Osho,
In Japan there is an ancient form of theater, which I studied for a short time, called Noh. In it, the actor moves slowly forwards, one step at a time; simultaneously he focuses inside, and with his energy creates a path behind him. If the audience is really in tune with him, they can also see both his physical movement forward and the path he is creating behind him.
Osho, you always say that you don’t know where you will be in the next moment, you don’t care where your feet will be next. My concern is that I be able to see clearly, every moment, the path that you are creating behind you.
What a wonderful journey to be with you, Osho! We go wherever existence leads us.
The moment you trust in let-go, the moment you stop struggling against existence, you need not worry about anything; existence takes care.
The whole trouble with the human mind is, it is constantly fighting, it is trying to go against the current. There is a reason why it does so: only by going against the current does it feel the ego. Just going with the flow of life – without any struggle, letting life lead you wherever it wants to – your ego will disappear. You will be, you will be more than you are now – more authentic, more true – but there will be no sense of I. And then you will be able to see where you are going.

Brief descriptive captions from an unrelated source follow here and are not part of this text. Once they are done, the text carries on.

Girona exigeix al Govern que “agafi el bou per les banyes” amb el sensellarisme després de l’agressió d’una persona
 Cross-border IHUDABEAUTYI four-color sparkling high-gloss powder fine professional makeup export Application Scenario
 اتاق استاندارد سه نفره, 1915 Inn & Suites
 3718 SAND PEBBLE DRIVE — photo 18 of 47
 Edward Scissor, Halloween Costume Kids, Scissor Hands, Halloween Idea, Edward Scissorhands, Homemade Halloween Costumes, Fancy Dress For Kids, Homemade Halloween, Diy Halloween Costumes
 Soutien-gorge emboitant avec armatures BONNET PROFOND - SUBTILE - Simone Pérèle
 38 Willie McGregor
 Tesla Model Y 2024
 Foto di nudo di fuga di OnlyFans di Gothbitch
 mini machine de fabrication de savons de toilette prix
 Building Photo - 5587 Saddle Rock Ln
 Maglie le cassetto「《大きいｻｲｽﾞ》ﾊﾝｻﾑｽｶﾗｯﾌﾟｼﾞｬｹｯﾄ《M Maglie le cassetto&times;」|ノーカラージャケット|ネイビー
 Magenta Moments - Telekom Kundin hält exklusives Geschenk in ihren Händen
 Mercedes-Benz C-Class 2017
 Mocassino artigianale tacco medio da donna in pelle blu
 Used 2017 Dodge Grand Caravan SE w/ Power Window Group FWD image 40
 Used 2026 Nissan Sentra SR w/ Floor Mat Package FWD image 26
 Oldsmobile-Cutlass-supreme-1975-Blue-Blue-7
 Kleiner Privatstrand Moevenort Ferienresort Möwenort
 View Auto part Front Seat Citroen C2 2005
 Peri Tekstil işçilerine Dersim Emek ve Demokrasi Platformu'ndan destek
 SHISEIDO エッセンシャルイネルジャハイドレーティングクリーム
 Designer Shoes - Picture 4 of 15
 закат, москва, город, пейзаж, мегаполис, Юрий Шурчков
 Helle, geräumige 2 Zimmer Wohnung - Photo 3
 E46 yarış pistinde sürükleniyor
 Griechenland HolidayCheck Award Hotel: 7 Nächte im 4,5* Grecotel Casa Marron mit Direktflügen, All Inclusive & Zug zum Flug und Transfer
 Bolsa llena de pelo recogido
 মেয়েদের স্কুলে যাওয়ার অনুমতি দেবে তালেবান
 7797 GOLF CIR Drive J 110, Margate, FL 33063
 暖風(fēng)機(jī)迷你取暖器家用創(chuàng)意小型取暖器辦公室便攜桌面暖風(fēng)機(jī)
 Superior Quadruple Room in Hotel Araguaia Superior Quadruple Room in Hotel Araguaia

Even the path that is created as you move can be seen by those who have no egos. You can even see the footprints of the birds flying in the sky. They don’t make any footprints but if the mind is clear of the ego, the whole being becomes such a clean mirror that even those footprints reflect in it.
The Japanese form of drama called Noh is a by-product of Zen experience. Zen has given birth to many things. No other religious movement in the world has been so creative, so productive. It has created art – which has a quality of its own – it has created poetry, it has created literature, it has created drama, it has created sculpture. Whatever it has created, it has left unmistakably the mark of meditativeness on it; it has turned things into meditation which nobody has ever imagined can even be associated with meditation.
For example, swordsmanship. Who can think that swordsmanship can be a discipline for meditation?
And drama. All other religions have condemned the whole world as drama. Zen has used even drama. And if the actor moves, focusing his whole energy just under the navel – two inches under the navel, where according to Zen is the point hara, our life source – if he concentrates inside on the hara and moves slowly step by step, those who are silent enough in the audience will see, behind him, a path is being created. His energy is moving forward leaving a certain imprint which can be read only by those who are capable of some silent awareness. It is tremendously beautiful, the whole drama. It is not like any other drama in the world, they have changed the whole character; they have made it sacred. The audience is not sitting in a theater but in a temple, and the actors are not just acting, they are meditating.
Zen painting or Zen poetry, they have the same quality; Zen has transformed the whole meaning of any art that it has touched. No religion has been able to do that; in fact, no religion has been creative. They have all been destructive.
Zen is the very essence of creativity. You can do anything and yet your action can be sacred.